The argument now consist of two parts: (1) equality of characteristic and minimal polynomials implies that the $K[X]$-module is cyclic: for some fixed generating vector $v_0$, every $v\in V$ can be written $v=P\cdot v_0$ for some $P\in K[X]$; (2) an endomorphism of a cyclic $K[X]$-module is given by multiplication by some fixed $Q\in K[X]$. (In the end this will mean that $B=Q[A]$.)

The proof of (2) is straightforward: calling the endomorphism $\beta$ and writing $\beta(v_0)=Q\cdot v_0$, one has, for any $P\in K[X]$, that $\beta(P\cdot v_0)=P\cdot\beta(v_0)=P\cdot Q\cdot v_0=Q\cdot P\cdot v_0$, which shows that $\beta$ coincides with multiplication by$~Q$. (In the application $\beta$ is multiplication by the matrix$~B$, which coincides with multiplication by $Q[A]$, so this must be the same matrix.) (This part corresponds to the answer by user10676, with $Q=\sum_{i=0}^{n-1}a_iX^i$ of that answer.)

The proof of (1) is easy with the mentioned structure theorem, which says that $V$ decomposes as a direct sum of cyclic modules, with the minimal polynomial of each summand dividing that of the next.

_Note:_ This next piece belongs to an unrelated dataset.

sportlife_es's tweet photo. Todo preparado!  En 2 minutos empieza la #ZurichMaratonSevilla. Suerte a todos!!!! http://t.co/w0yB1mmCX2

Then the last minimal polynomial annihilates all summands and is therefore the global minimal polynomial; the characteristic polynomial is the product of those minimal polynomials. So minimal and characteristic polynomials coincide (if and) only if the decomposition contains no more then one (non-trivial) module.

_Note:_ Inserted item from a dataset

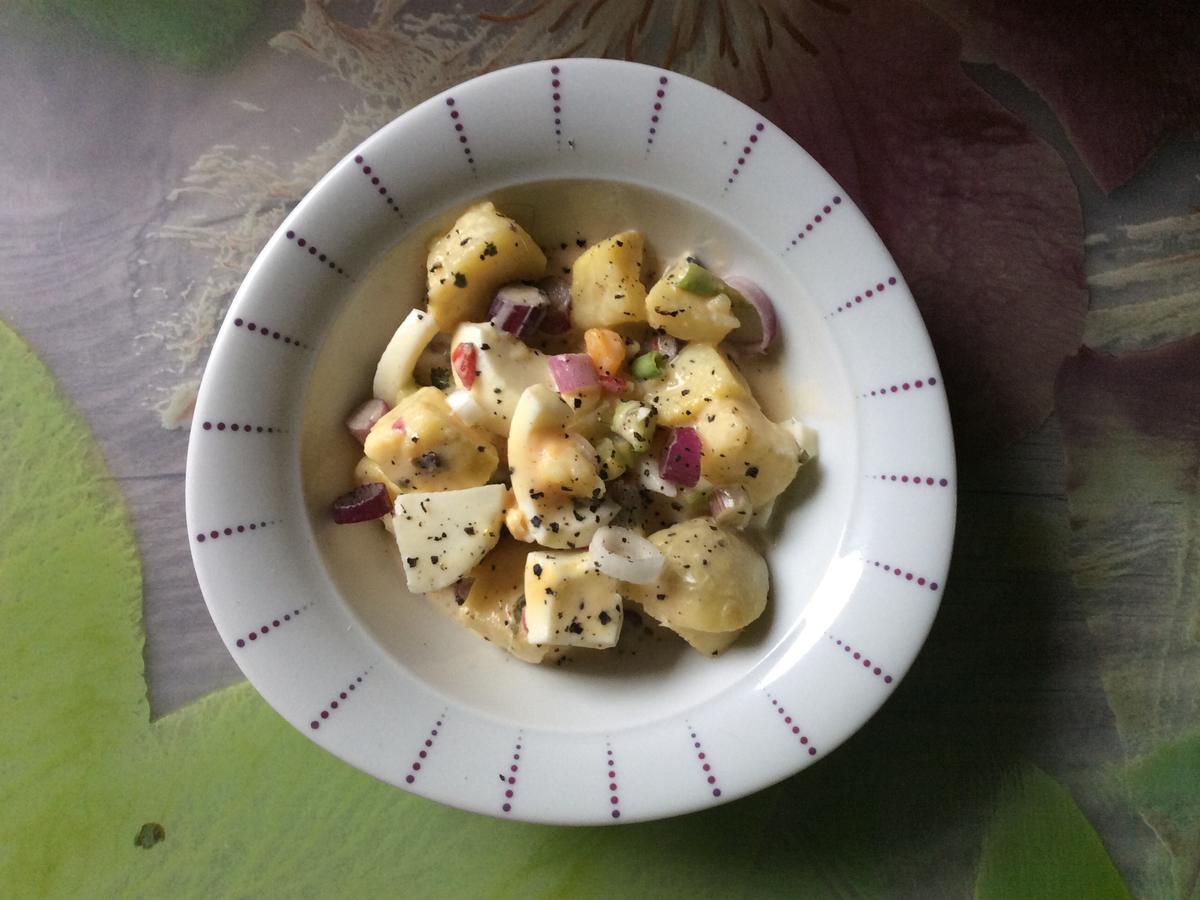 Eiersalat mit Ananas und Kokosmilch - Rezept - kochbar.de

If one wants to reason without using the structure theorem for f.g. modules over a P.I.D., (1) is still quite plausible. For every vector $v$ the minimal degree monic polynomial $M$ such that $M\cdot v=0$ divides the minimal polynomial$~\mu$, and for every strict divisor $D$ of$~\mu$ the subspace annihilated by $D$ is a proper subspace; this suggests that for most vectors $v$ one has $Q=\mu$, and given that $\deg(\mu)=\dim(V)$, this means that $v$ generates $V$ as a cyclic module. Indeed there are only finitely many divisors$~D$, so if $K$ is an infinite field this amounts to a valid argument. An complete argument valid for all fields is a bit more work, but can be found in this answer.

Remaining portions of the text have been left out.